Je n'avais pas vraiment l'intention d'ouvrir de nombreux topics ni d'écrire de longs avis cette année, une sorte de résolution prise pour différentes raisons que je n'évoquerais pas. Mais, pour d'autres raisons tout autant personnelles, il s'avère qu'un film comme "The decendants" me parle tellement qu'il faut alors moi-même que je m'exprime à son sujet.
Car le dernier film d'Aelxander Payne est une telle décharge d'émotion et d'affection qu'elle ne peut rester nouée dans l'estomac.

Elisabeth King est victime d'un accident de bateau, alors qu'elle faisait du ski nautique par des eaux trop remuantes. Cette hawaïenne se retrouve clouée dans le lit d'une chambre d’hôpital, inconsciente, inerte, sans autre vie que celle qui continue de couler dans ses veines. Pour son époux, Matt King, la dévastation qui le ronge alors ira de paire avec le chaos qui va le submerger lorsqu'il va apprendre une vérité sur celle qui partageait sa vie. A lui de gérer ce tourment et surtout à continuer de s'occuper de ses deux filles de dix et dix-sept ans.

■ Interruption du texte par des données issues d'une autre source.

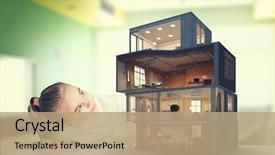  Presentation with dream - Audience pleasing presentation consisting of real estate - design of your dream house backdrop and a coral colored foreground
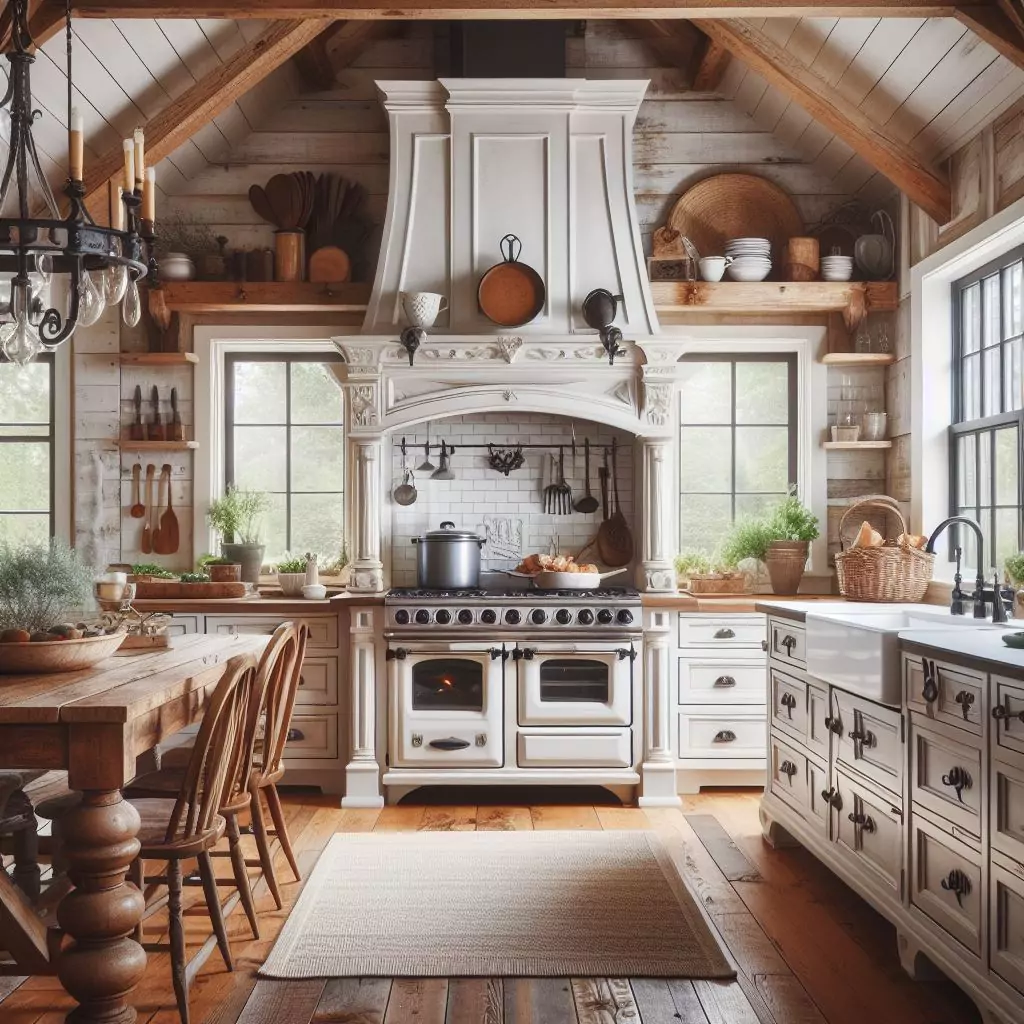 "Farmhouse kitchen with a bold statement, featuring a farmhouse-style range with vintage-inspired details like decorative knobs or a retro color palette, adding functionality and visual interest to the cooking space."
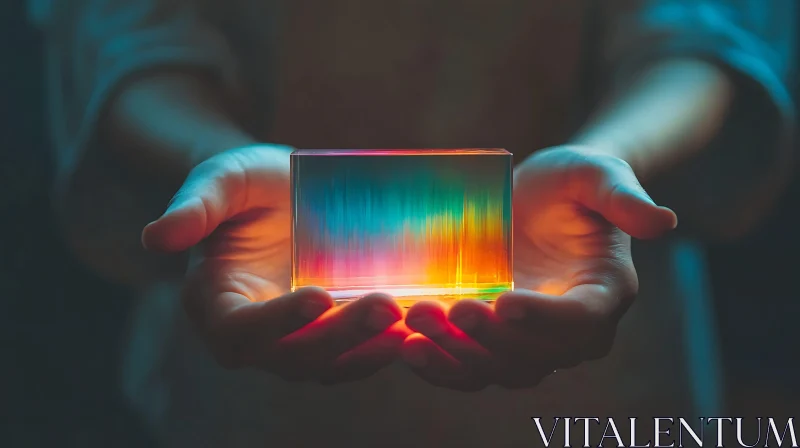 AI ART Hands Holding a Glowing Color Cube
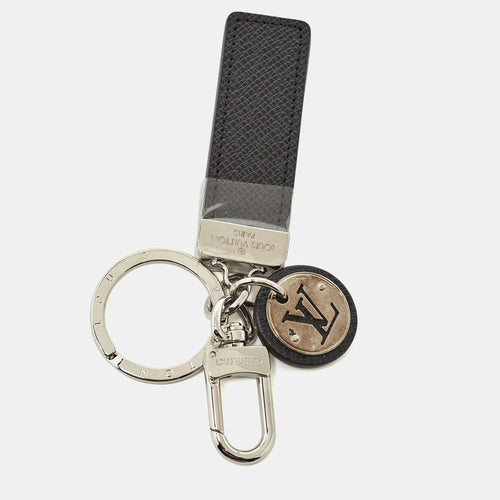 Neo LV Club Taiga Leather Silver Tone Keychain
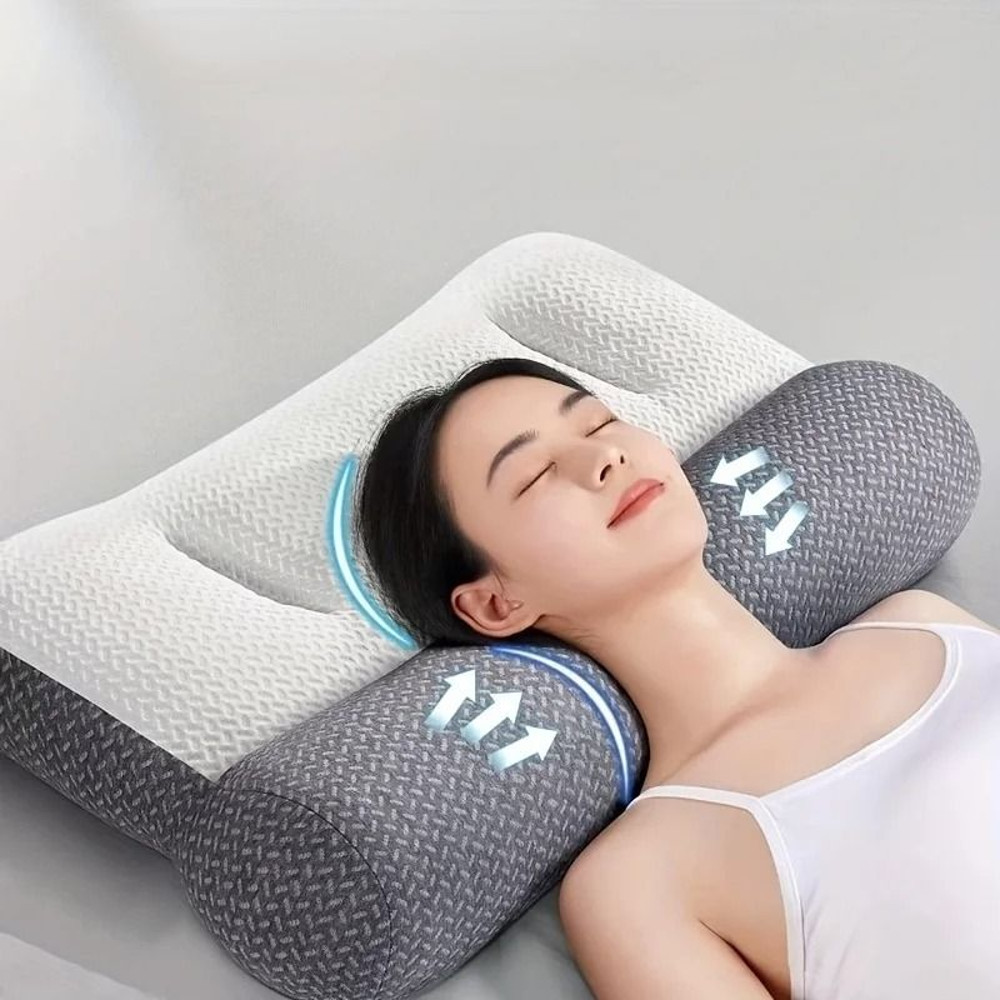 Breathable Knitted Neck Support Pillow Suitable For All Seasons Soft Sleep Traction Pillow 0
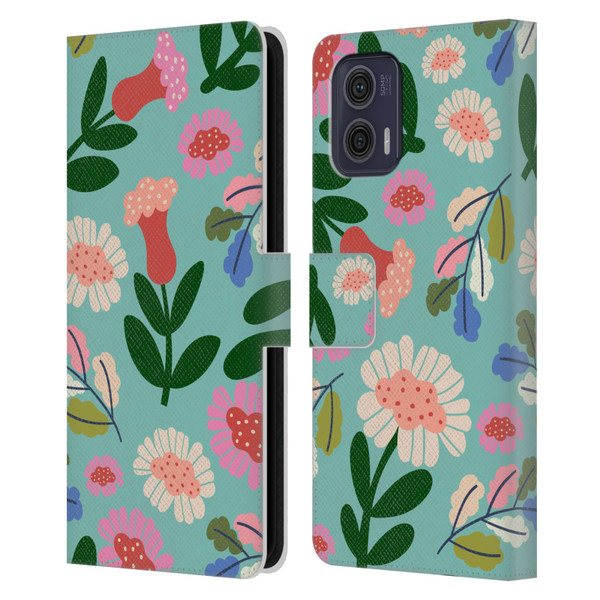 Gabriela Thomeu Floral Super Bloom Leather Book Wallet Case Cover For Motorola Moto G73 5G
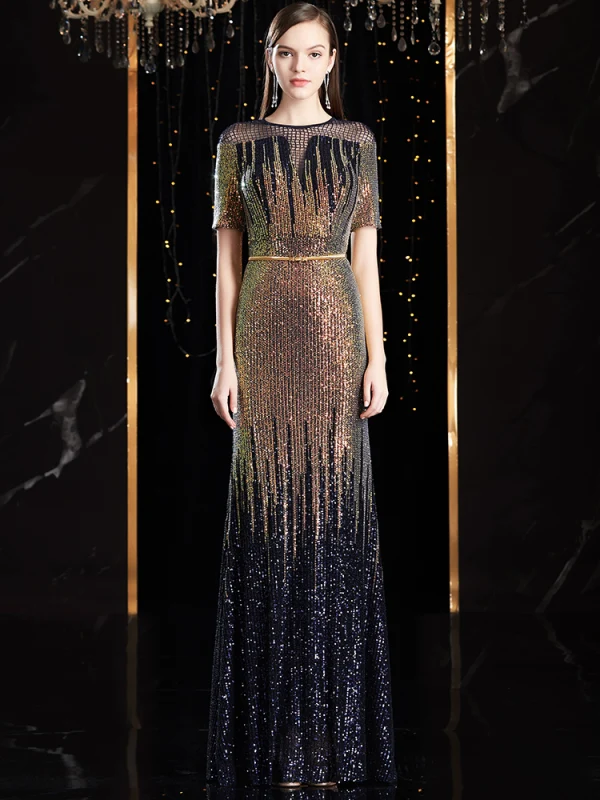 Charmant Multi-Couleurs Robe De Soirée 2020 Trompette / Sirène Encolure Dégagée Fait main Perlage Cristal Paillettes Manches Courtes Longue Robe De Ceremonie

Alexander Payne a écrit, produit et évidemment réalisé ce film qui lui tient particulièrement à cœur. Ses propres déboires sentimentaux l'auront probablement convaincu d'adapter le roman de Kaui Hart Hemmings. Un livre qui s'attache autant à décrire les souffrances d'un homme brisé qu'à délivrer un message d'amour à l'attention d'Hawaï, région finalement encore assez mystérieuse montrée ici non pas comme un paradis de carte postal, mais comme un endroit gorgé d'histoire, où les habitants sont fiers et dignes. Il montre aussi comment un homme d'origine caucasienne mais né ici, ayant grandi ici et de souche insulaire affronte ses origines qu'il est en train de trahir, à cause de la vente d'une magnifique parcelle qui s'érigerait en antre à hôtels et resorts de luxe.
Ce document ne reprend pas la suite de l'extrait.